Rod, who runs the excellent The Chopping List, has asked me:
I was talking to a friend who has also adopted a censorship watchdog role about VHS running times for movies. To get a duration for a film on tape in minutes and seconds, I zero the tape counter when the film ‘starts’, then note down what the counter says when it finishes. My friend, on the other hand, uses a stop watch. Consequently, we have recorded different times for the same title (video format and release), which creates confusion and doubt when trying to make determinations about how much footage has been deleted or restored. Our discrepancies are in the order of tens of seconds.
Having a display that has picture-in-picture, I have seen my Panasonic VCR play a PAL tape (in good condition) and DVD in perfect synchronisation, down to the frame. I have taken this to be a reasonable test of the tape drive’s accuracy. But are there other considerations we should be thinking of? From what I can guess, the tape counter will show how many frames have passed, given say 25 fps for PAL content. A stop watch may not take into account tape stretch or drive inaccuracies, even though it is obviously a better device for recording ‘real time’.
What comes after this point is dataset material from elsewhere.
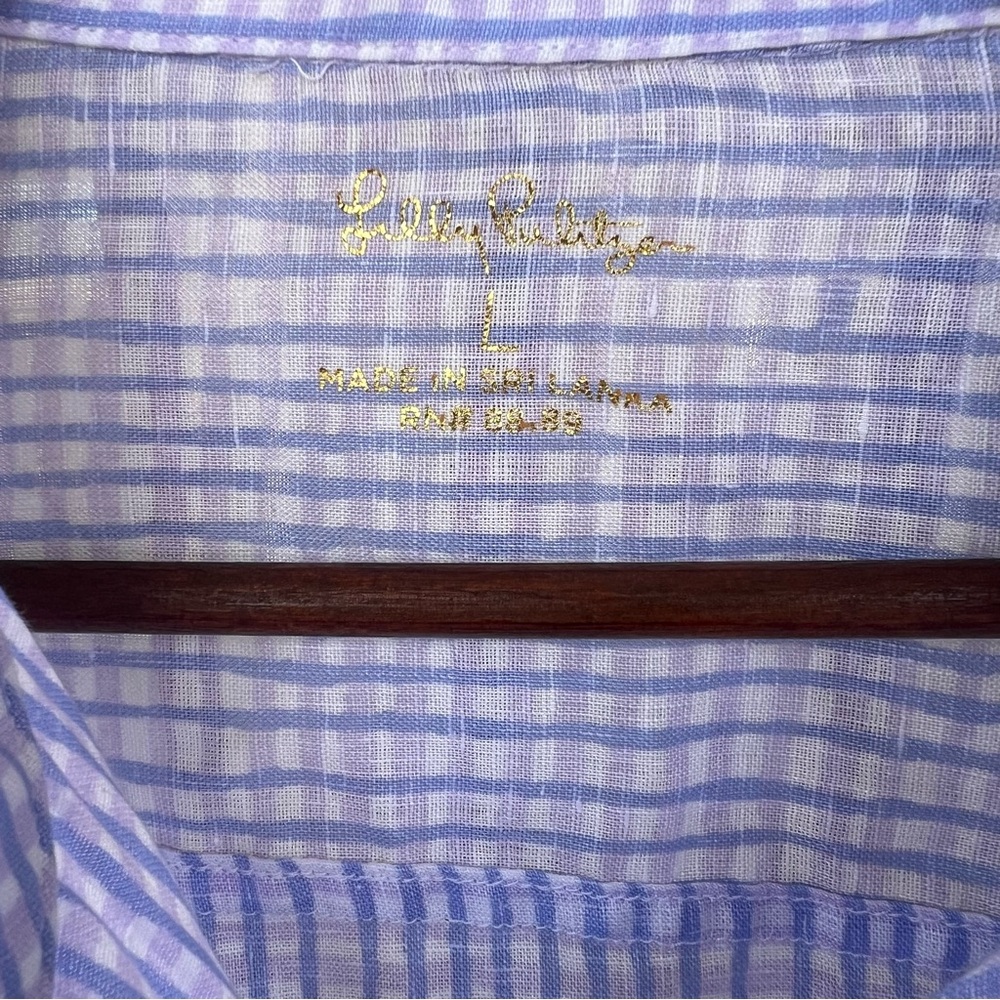 Lilly Pulitzer 100% Linen Button Down Shirt Women’s Purple Blue Plaid Size Large - Picture 3 of 15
For Rod’s purposes, his technique is the right one. Here’s why.
Video systems work on a master/slave basis. If the source and display devices ran their own independent clocks, even extremely accurate ones, there would inevitably be drift — and every so often there would be a hiccough of some kind. So any video source sends not only the picture, but also timing information. The timing info is actually extremely basic: it’s simply the regularly repeated ‘retrace’ signals. The main one happens every 50th of a second (60th for NTSC) at the end of each full screen scan to display a field and is called the ‘Vertical Blanking Pulse’. The subsidiary one happens every 64 microseconds at the end of each scan line, and is called the ‘Horizontal Blanking Pulse’.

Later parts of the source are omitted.